In May 2010 Zublin Grenada Ltd had announced that it was invited by the government to undertake this development and had given the Zublin team three weeks to consider the offer. There has been no indication from Zublin that it had accepted the offer but the June 14, 2011 MOU suggests that while Zublin is still involved it is not prepared to take any risk at the construction stage, all the financing for which has so far been provided by the Government of Guyana through AHI. As the public is aware, the US$25 million received from the disposal of the government’s share in GT&T was earmarked for the hotel and this is in addition to the US$10 million advanced by NICIL to SCG towards their $51 million contract price.

Viability not determined
Someone should surely be asking Mr Brassington and/or the Finance Minister for details of the Marriot and Zublin contractual arrangements, including the basis for valuing any shares to be issued to Zublin. I shudder to think that it will be at the price which Ms Nadir-Sharma has placed in the Articles as the price per share. She needs to be told that the share price in a company’s Articles of Incorporation should be the minimum issue price, to allow market flexibility to the directors. Is Ms Nadir-Sharma aware that nominal price per share was abolished in 1995 when the 1991 Companies Act came into force?

A review of the documents reveals other concerns: the June 2011 MOU admits that the revised contract price of US$51 million for a reduction in the scope of work is “not fully acceptable to AHI”; that AHI is confronted with a shortfall based on the Marriott projections; that there needs to be further capital costs reduction, increased revenue from the operation of the casino and more optimal financing terms. In other words, the construction began even before the viability of the project had been determined! This may explain why NICIL is providing interest-free loans to AHI.

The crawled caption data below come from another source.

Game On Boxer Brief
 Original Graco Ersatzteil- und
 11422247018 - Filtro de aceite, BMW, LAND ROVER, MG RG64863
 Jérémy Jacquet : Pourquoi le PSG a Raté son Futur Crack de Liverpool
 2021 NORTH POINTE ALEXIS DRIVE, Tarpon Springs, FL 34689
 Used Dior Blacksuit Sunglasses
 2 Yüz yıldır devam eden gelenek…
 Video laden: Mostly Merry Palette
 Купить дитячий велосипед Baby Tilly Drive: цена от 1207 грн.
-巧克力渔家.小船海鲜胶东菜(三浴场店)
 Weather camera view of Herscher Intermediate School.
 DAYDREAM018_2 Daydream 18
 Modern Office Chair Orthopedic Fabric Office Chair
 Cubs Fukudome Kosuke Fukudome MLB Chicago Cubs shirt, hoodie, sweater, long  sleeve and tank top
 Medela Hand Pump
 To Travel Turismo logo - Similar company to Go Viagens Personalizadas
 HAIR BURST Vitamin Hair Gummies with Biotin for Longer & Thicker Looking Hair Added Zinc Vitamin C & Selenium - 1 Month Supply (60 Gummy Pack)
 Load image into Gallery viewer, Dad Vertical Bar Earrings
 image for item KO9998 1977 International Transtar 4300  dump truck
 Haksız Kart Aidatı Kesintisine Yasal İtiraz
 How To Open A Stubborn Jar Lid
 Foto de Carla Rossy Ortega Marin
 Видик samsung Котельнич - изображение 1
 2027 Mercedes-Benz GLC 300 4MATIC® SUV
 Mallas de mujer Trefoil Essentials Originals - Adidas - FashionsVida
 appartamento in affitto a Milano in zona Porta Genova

What it does not explain is how and why Mr Brassington could give to Dr Ashni Singh, Minister of Finance, six months later, an undertaking that AHI “will procure or provide all the investment [and other] financing required [by AHI] estimated at US$58 million.” Mr Brassington and Dr Singh both appeared to be pretending that they were entering into an arm’s length agreement and that they did not know that it was Dr Singh’s NICIL that was improperly providing AHI with whatever money it accesses.

Vying for the most elementary but not costly error made by the Brassington-Nadir-Sharma combination is their failure to ensure that SCG has a legal presence in Guyana. It is one of the first assertions in the preamble in any properly drawn-up agreement. Two separate checks at the Deeds Registry this past week suggest that SCG is not incorporated or registered as an external company in Guyana as it is required to be under the Companies Act. There is no evidence that Mr Brassington agreed to waive the mandatory statutory duty.